While the major layout scenery is essentially finished, I was discouraged by the hodge-podge appearance it had taken on. So, as I’ve shared before, I removed much of the original scenery work and am in the process of redoing things.

The cause for my frustrations are poor initial planning and the thoughtless use of a wide variety of old and new scenery products and techniques, rather than observing and modeling from the real world.

There is a tendency that we all share to default toward habitual behaviors. I reached the conclusion that much of what we do in this craft falls into this category. Over decades, a cadre of scenery techniques have been well documented and certain commercial products long ago reached the tipping point of being the default material for a range of applications.

The problem I fell into was not paying close attention to how I used the newer products whose appearance was quite different from the existing layout scenery. The newer products represented a different season and set up a visual clash that bothered me.

Wild grass meadow reverting to forest

Looking at the full-size world, you will often find one variety of plant tends to dominate an area such as this meadow (above). I’ve used the sisal twine technique to represent wild grasses to good effect and the problem came when I started mixing in static grass fibers in sheet forms. The static grass sheets are a wonderful product but I didn’t use them well. There are practically no areas of my scenery that mimic short grass, which the static grass sheets are ideal for. It was the stark contrast between the intense green colors of the static grass areas and the more natural looking winter tones of the sisal twine that bothered me. I tried altering the color of the grass sheets with little success. Eventually, I decided one or the other needed to be dominant throughout.

S12 switching a Pennsy box near the mill on the I&W

With that thought in mind, I’ve been covering areas more thoroughly with the twine and bringing the wild, unkempt sections of scenery closer to what I observe outside (photos below). Sections that have been filled out with more groundcover, as in the first photo below, look much better than before. As my friend Trevor Marshall has demonstrated, wide swaths of open meadow and tall grass make wonderful looking scenes that truly complement the trains.

Sisal Twine ground cover

A shortcoming of many scenery efforts is a lack of verticality to the groundcover vegetation.
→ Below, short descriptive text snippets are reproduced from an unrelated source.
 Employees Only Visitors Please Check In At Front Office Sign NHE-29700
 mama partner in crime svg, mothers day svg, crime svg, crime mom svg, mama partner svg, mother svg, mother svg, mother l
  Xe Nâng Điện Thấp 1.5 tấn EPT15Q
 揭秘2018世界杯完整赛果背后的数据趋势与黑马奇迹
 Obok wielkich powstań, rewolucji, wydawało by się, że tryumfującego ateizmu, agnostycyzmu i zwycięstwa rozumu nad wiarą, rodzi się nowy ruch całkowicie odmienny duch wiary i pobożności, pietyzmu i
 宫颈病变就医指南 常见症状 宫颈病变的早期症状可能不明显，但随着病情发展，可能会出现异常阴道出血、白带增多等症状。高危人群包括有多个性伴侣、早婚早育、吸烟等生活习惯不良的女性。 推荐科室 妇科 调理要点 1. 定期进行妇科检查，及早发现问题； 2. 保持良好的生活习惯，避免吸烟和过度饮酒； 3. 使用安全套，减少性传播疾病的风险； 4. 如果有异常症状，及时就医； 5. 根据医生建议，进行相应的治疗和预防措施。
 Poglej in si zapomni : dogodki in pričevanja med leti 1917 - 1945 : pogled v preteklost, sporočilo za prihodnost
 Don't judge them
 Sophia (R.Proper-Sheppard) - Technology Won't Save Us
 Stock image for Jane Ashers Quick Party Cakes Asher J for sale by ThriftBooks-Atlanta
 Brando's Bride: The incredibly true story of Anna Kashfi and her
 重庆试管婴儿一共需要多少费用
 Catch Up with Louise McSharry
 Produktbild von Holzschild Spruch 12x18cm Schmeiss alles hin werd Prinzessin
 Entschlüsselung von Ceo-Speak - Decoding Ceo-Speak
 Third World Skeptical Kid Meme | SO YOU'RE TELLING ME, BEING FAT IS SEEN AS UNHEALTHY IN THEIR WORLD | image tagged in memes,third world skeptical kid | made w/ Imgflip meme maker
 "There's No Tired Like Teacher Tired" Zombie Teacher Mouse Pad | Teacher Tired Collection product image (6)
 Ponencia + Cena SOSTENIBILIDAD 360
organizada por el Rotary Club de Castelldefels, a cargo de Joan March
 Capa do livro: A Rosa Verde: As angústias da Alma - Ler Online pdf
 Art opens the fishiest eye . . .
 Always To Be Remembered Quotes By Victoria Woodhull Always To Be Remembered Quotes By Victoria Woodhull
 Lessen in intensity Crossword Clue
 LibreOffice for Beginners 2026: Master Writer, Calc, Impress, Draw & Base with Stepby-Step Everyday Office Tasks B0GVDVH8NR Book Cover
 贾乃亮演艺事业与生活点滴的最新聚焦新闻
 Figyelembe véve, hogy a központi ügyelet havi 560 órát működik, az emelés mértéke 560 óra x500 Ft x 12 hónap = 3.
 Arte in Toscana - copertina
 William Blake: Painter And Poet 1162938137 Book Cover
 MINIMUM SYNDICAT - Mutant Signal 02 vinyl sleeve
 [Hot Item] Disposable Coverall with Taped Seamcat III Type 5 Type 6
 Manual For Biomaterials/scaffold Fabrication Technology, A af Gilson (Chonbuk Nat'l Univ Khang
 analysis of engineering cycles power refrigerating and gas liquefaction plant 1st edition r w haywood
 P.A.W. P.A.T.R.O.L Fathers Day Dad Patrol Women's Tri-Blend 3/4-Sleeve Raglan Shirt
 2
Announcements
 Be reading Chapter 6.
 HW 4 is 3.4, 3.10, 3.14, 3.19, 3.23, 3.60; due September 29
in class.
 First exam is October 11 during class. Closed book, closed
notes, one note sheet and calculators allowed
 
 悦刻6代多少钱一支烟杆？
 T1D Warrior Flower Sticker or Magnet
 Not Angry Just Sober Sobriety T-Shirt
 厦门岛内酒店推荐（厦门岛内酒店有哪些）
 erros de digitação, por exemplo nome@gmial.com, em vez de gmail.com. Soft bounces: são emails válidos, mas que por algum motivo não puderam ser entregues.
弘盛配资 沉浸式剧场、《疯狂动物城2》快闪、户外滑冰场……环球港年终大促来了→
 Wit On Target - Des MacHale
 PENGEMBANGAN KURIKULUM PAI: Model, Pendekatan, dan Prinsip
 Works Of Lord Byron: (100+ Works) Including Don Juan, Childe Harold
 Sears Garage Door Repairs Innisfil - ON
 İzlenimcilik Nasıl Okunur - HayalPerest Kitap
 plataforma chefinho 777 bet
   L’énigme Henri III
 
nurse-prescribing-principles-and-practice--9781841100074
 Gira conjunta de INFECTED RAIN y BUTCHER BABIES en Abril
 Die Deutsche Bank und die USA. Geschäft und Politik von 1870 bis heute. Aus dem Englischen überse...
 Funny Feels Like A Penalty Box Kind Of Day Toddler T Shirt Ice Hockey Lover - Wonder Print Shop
Using the default scenery products produces a look-alike effect from one layout to the next. In this area I added taller weeds to simulate perennials like milkweed, thistles, maybe even bull rushes, since this is a low area that might retain ground moisture (photo below). My efforts with these are only a first attempt. The natural material I used for the plant stalks is far too fragile. So I’m experimenting with synthetic materials that will hopefully have more durability.

Sisal Twine ground cover with taller weeds

I’m well aware of the ease and speed of using static grass applicators; so please don’t inundate the comments with how much time I’m wasting by doing things my way. For me, the point of a hobby is not to save time or look for shortcuts but to enjoy doing something that helps me grow in knowledge, such as learning to see reality more accurately and bringing that understanding to the layout. Growing as a craftsman is the ultimate goal of my time.

Embrace reality: be a rivet counter.